Profile for Dr. Barrie Kennard
Barrie is the Academic Standards and Quality Manager for Leadership and Management Wales, the Welsh Assembly Government funded Centre of Excellence for Leadership and Management Skills in Wales. His role is to develop a quality framework for leadership and management development programmes within Wales and the production of a directory of deliverers in Wales.
He co-authored the HEFCW report on Higher Level Skills Development in Wales and regularly produces articles for the Western Mail. Recently he has delivered several addresses including a key note speech at the University Vocational Awards Council Annual Conference in York and a series of workshops at the National Training Federation Wales Conference in Newport. In 2009 he wrote a Masters and Foundation Degree in Applied Professional Practice for the University of Wales Institute Cardiff. He is the external assessor for an MSC in Leadership Capability at the Scottish Centre of Work based Learning in Glasgow Caledonian University.
Barrie has designed and is delivering the current Foundation Programme for Knowledge Transfer Professionals. He has spoken on workforce development at conferences in the UK, China and Zambia. He has worked in Uganda and Pakistan on British Council capacity building programmes and has delivered management development programmes to staff at Makerere University in Kampala and the Government College of Home Economics in Lahore. He also delivered Lectures on Management Communication at South West Normal University, PR China. He has recently co – written an article with Paul Kearns on Quality and Evaluation for Training Zone magazine.

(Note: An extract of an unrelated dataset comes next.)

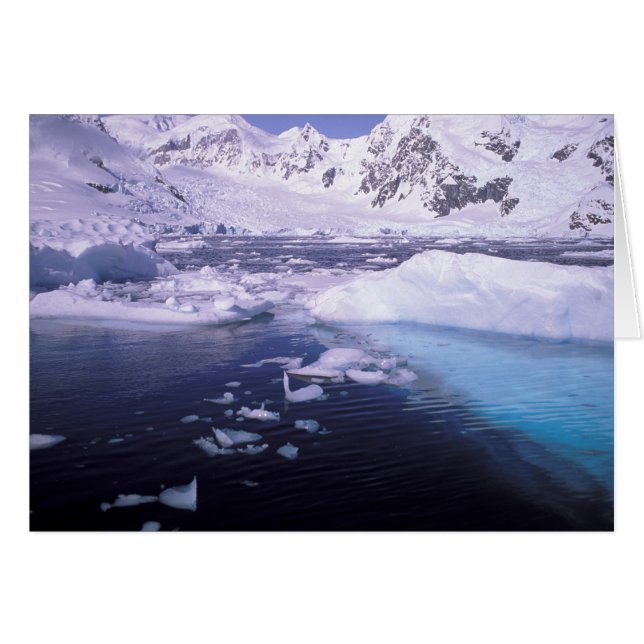 Antarctica. Expedition durch die Eiskappen (Vorderseite (Horizontal))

He entered academia in 1998 after a career in Training and Development in the private sector as head of training for the Western Mail & Echo Group and in the voluntary sector with CSV Wales. He was the Lead Trainer on the National Mentoring Pilot Programme for DfES and on the Aim Higher National Mentoring Scheme. His doctoral research was into Modern Apprenticeships and he retains an interest in workbased learning and workforce development. As a late returner to learning, he received his first degree when he was 46 and retains an affinity for those engaged in learning from non traditional demographics. He is also a member of the Institute of Knowledge Transfer.